**Problem to solve**
Word for word, reproduce each line of the data below, omitting every image.

++++ Collected data

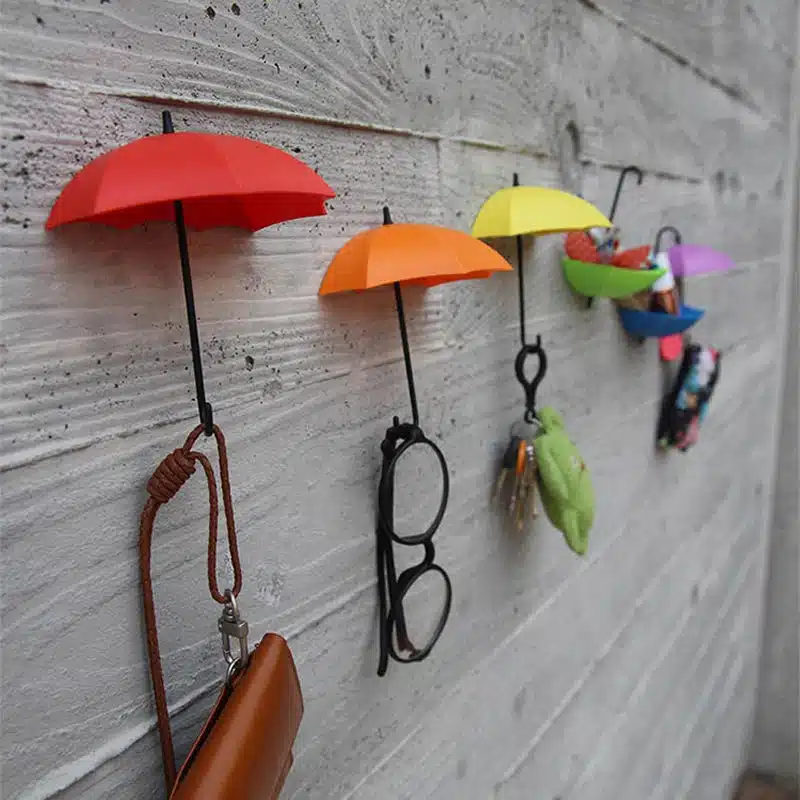 3Pcs/Lot Colorful Umbrella Shaped Wall Hooks Creative Hanger Wall Decorative Holder Wall Hook For Kitchen Bathroom Accessories 12
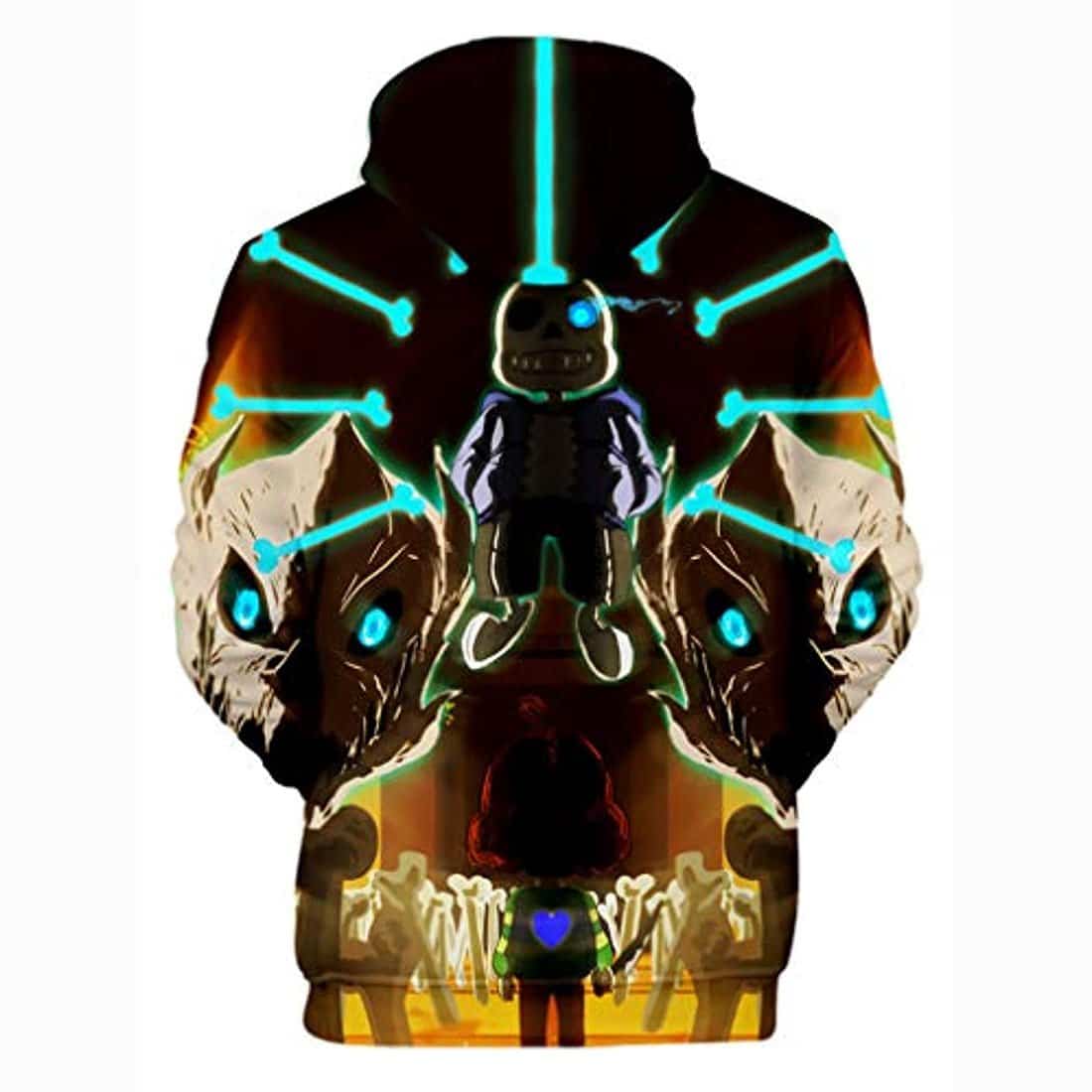 Undertale Hoodie - Sans Skull 3D Print Pullover Drawstring Hoodie - Image 2
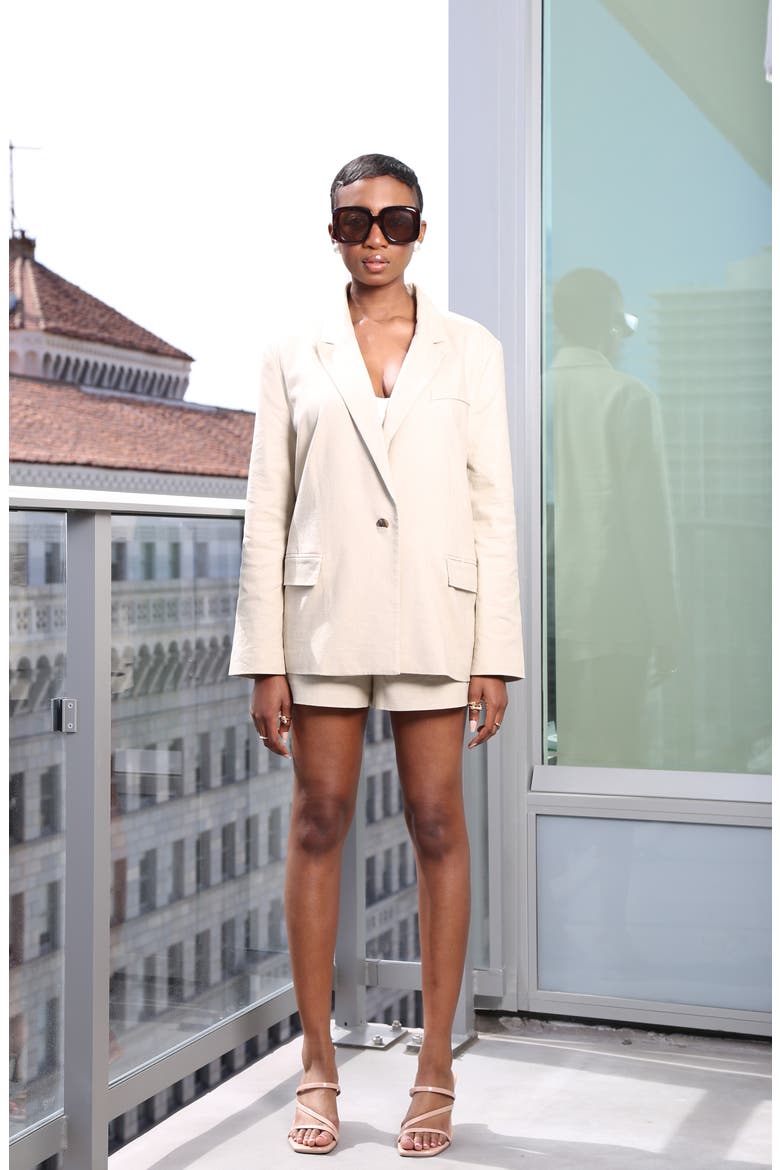 Linen Blend Blazer, Alternate, color, PINK PIROUETTE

++++++++

**Solution to the problem**
 3Pcs/Lot Colorful Umbrella Shaped Wall Hooks Creative Hanger Wall Decorative Holder Wall Hook For Kitchen Bathroom Accessories 12
 Undertale Hoodie - Sans Skull 3D Print Pullover Drawstring Hoodie - Image 2
 Linen Blend Blazer, Alternate, color, PINK PIROUETTE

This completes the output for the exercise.